笠岡市街地の港から船に乗って約45分で到着する白石島。
島の港から歩いて約2分、民家が立ち並ぶ通りに、2020年7月、「菜食茶店 KUa(クア)」がプレオープンしました。

建物の外観

なまこ壁の古民家に入ると、カウンター席と2~4人掛けのテーブル席が4つ。吹き抜けからはあえて残したという屋根裏の竹簾を見ることができます。
店内には片付け中に見つかったという調度が並んでいます。

古民家から見つかった糸車が飾られている。白石島では以前、養蚕業が盛んだった。

レジの横には大豆からあげ、アーモンドミルクなどのヴィーガン食材が。ヴィーガンとは、肉・魚・卵・乳製品などの動物性食品を食生活に取り入れないスタイルのこと。

店では、白石島で採れた桑の実ジュースや、カフェインレスコーヒー、有機玄米コーヒーのアーモンドミルクラテ、日替わりヴィーガンランチなどを提供しています。食材は瀬戸内エリアで生産されたものを積極的に取り入れ、時には店主の畑で栽培した自家製野菜も使います。

日替わりヴィーガンランチ。この日はココナッツとトマトをベースにしたマイルドなカレー。

店主・ムヤ歩さんってどんな人?

店主は笠岡市地域おこし協力隊のムヤ歩(あゆみ)さんです。

ムヤさんは、大阪出身の元シンガー。2011年の東日本大震災と福島第一原子力発電所の事故をきっかけに健康と環境について考える中で、ヴィーガンに関心を持つようになりました。

「できるだけ資源を使わない必要最小限の暮らしを体験したい」と、アフリカのタンザニアとルワンダへ旅した経験もあります。

店主 ムヤ歩さん

帰国後、タンザニアで出会った夫と結婚し、娘を出産。大阪で暮らしていましたが、就農の夢を抱き2017年4月、笠岡市地域おこし協力隊に着任しました。
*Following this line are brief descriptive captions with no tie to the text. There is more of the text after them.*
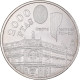 Monnaie, Espagne, Juan Carlos I, 2000 Pesetas, 1994, Madrid, SUP, Argent, KM:937 - 2 000 Pesetas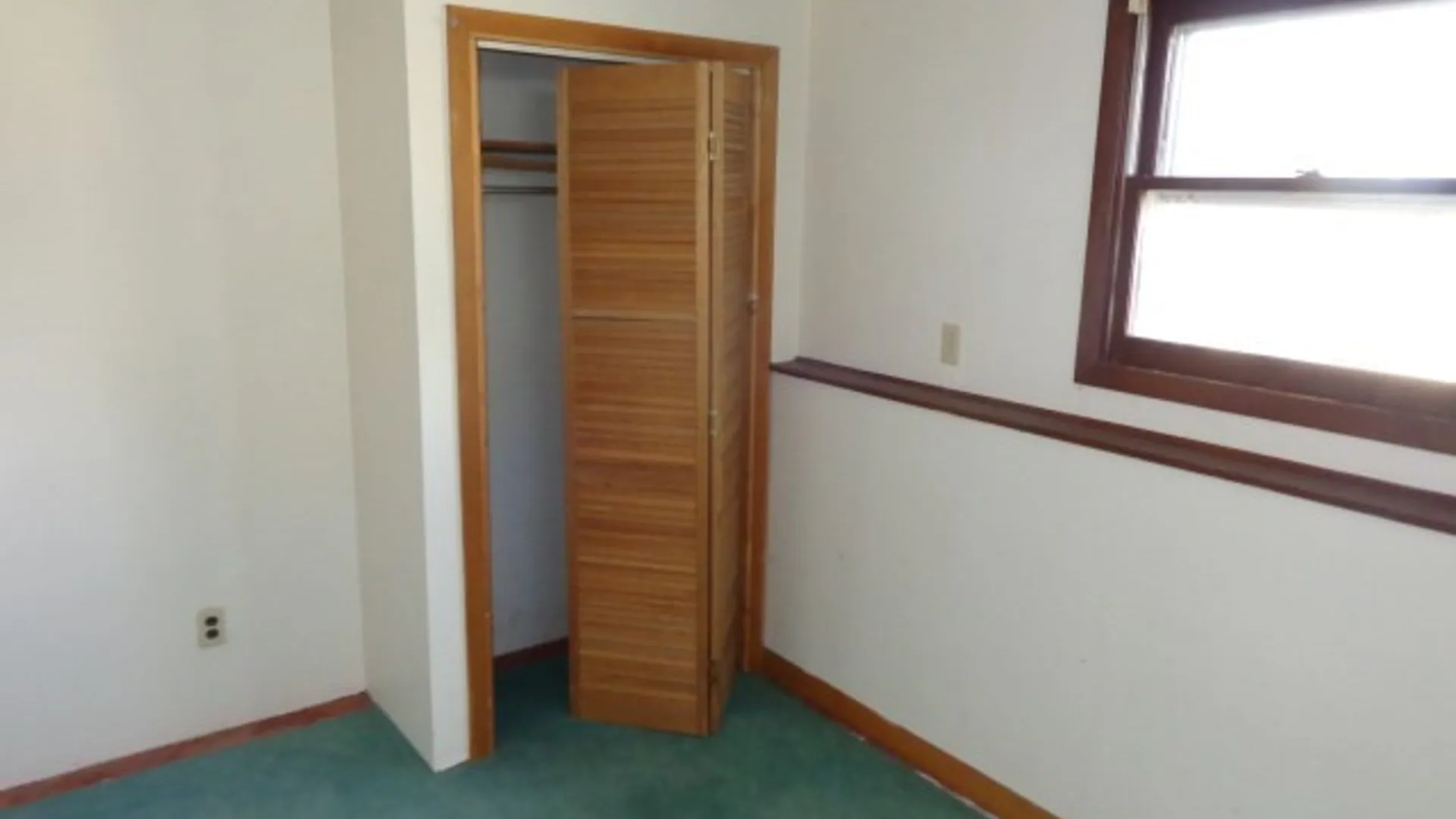Property at 1372 (1370) Kinderhook Road, Sullivan, NY 13037 12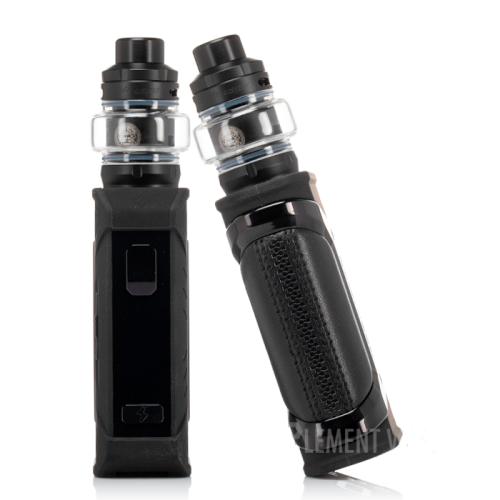 GeekVape L200 Classic Kit GeekVape L200 Classic Kit фото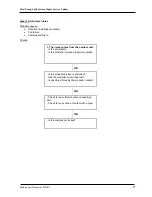 Preview for 51 page of Fujitsu WATERSTAGE 112 Maintenance Document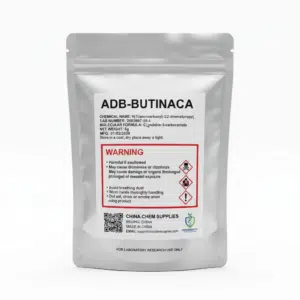 adb butinaca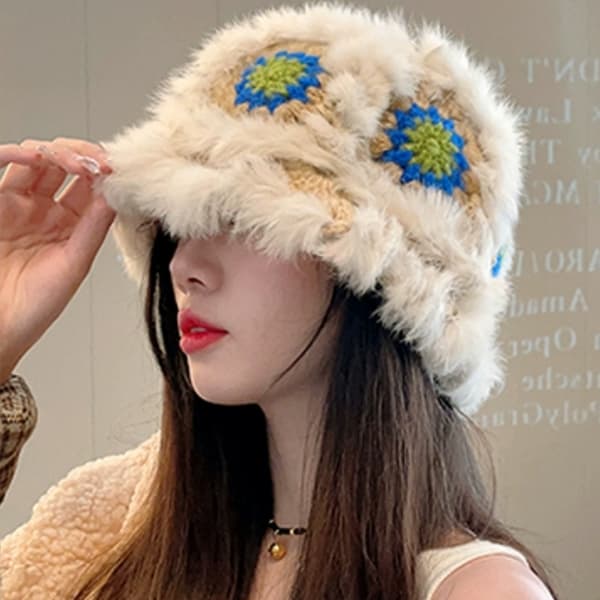 Панама US8ACC - изображение 2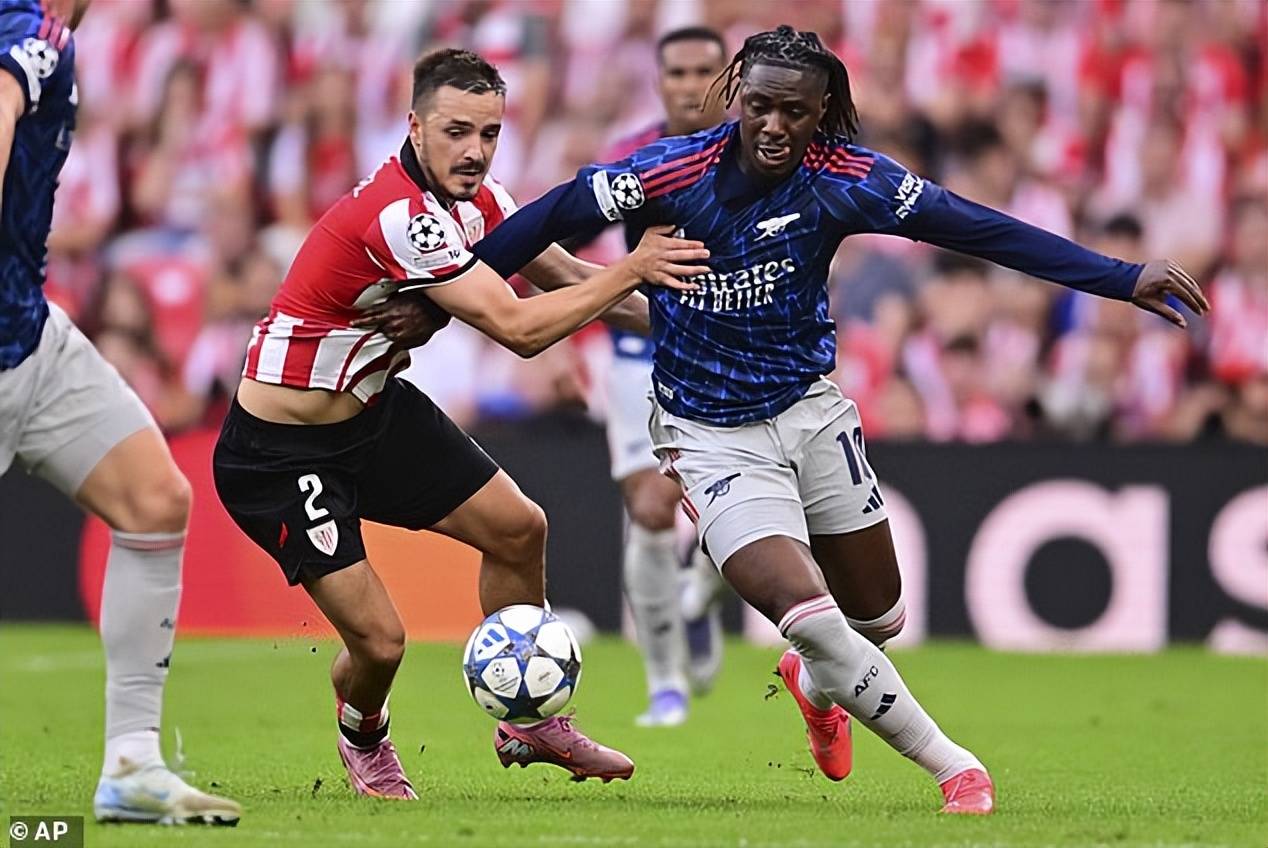 阿森纳绝杀瑞士,托尼状态火热 阿森纳绝杀瑞士,托尼状态火热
2018年には住居を笠岡市街地から白石島へと移し、夫と1歳・5歳の2人の娘とともに畑を耕しながら暮らしています。

タンザニアの沿岸部で魚やココナッツをとって暮らしていたことがある夫も、自然のそばでの暮らしを満喫しながら、島にある宿泊施設のひとつ、白石島国際交流ヴィラの管理をしています。

「常日頃からおもてなしをしたいよね」始まりは地域の要望から

ムヤさんが地域おこし協力隊になり、白石島のまちづくり会議に参加し始めた当初から「島にカフェがあったらいいね」という声がよく出ていたと言います。

地域で不定期オープンのカフェを始めるなどチャレンジが進む中で、「島外から来た人たちのおもてなしとして、常日頃から営業しているカフェがあれば」という声もありました。

そこで、飲食店での勤務経験があり、料理が好きで食に関心があったムヤさんがカフェ営業に挑戦。観光客が滞在中に地域資源を活用した食事や体験が提供できる仕組みを作り上げようと、農林水産省の「農泊推進事業」を活用しながら進めてきました。

ムヤさんの畑。山からの水を受けるために虹のような畝(うね)をつくっている。 ハクサイ、ダイコン、キャベツ、ニンジン、タマネギ、シュンギクなどを育てている。

その中でムヤさんが特に意欲的なのは、島の閑散期と言われている秋冬の活動です。

白石島には岡山県の三大海水浴場があり、夏は海水浴を楽しむ観光客でにぎわいます。

夏以外にも瀬戸内海を眺めるトレッキングコースなど観光資源は充実しています。ムヤさんは「涼しくなった今だからこそアウトドア体験を楽しんでほしい」と、2020年11月28日(土)には「紅葉と巨石めぐりの島旅」を開催します。

「紅葉と巨石めぐりの島旅」チラシ

白石島の希望をみんなで育てる

ムヤさんは「この場がなければ生まれていなかったはずの交流を見るととても嬉しいんです」と教えてくれました。
プレオープン後、同世代の移住希望者が店を訪ね、2組の移住が決まったのだとか。

「ほかの生き物を犠牲にせず、自分も含めた環境を丸ごと大切にするという考え方がヴィーガンにはあります。ここもいろんな立場・考え方の人にとって優しい場所であり続けたい」とムヤさんは話します。

店名になっている「KUa(クア)」はスワヒリ語で「育つ・育てる」という意味です。「これまで地域の人に育てていただき、今の自分がいる。この場所も、これから皆さんに育ててもらいながら可能性を広げていきたい」というムヤさんの思いが込められています。

店内の様子

「菜食茶店 KUa」は現在プレオープン中で、フルオープンはムヤさんが地域おこし協力隊を卒業する2021年夏ごろを予定しています。